* Problem to work on
In your copy, leave out the pictures; write out all the data exactly.

* Recorded data
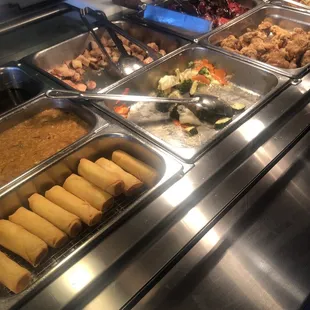 a variety of food items in a buffet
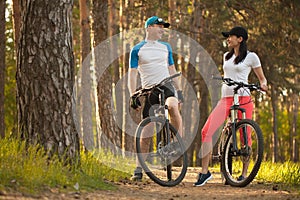 A man and a woman. go cycling in the Woods. bike to nature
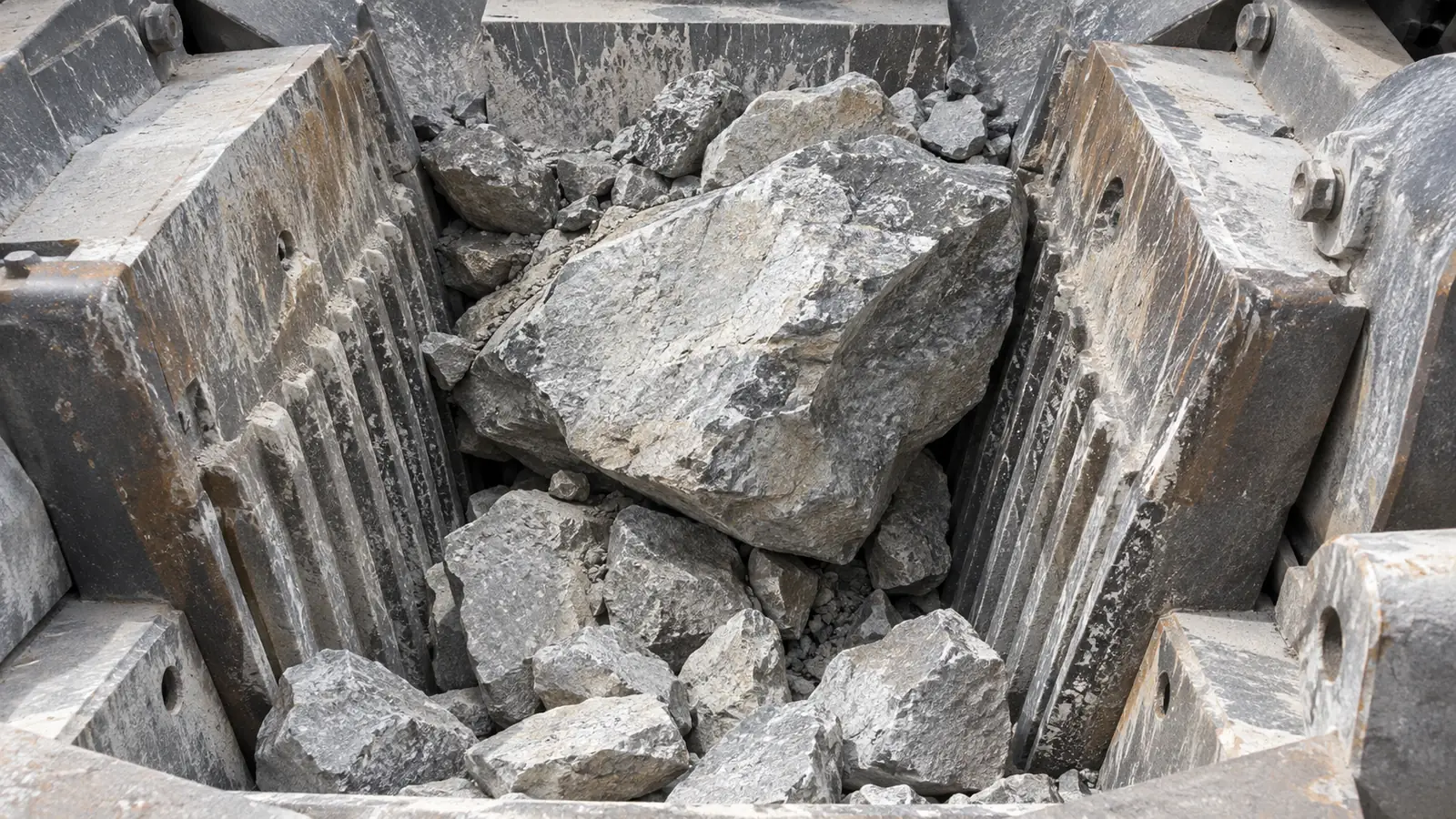AI-generated view of an oversized rock blocking a jaw crusher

* Result of the exercise
 a variety of food items in a buffet
 A man and a woman. go cycling in the Woods. bike to nature
AI-generated view of an oversized rock blocking a jaw crusher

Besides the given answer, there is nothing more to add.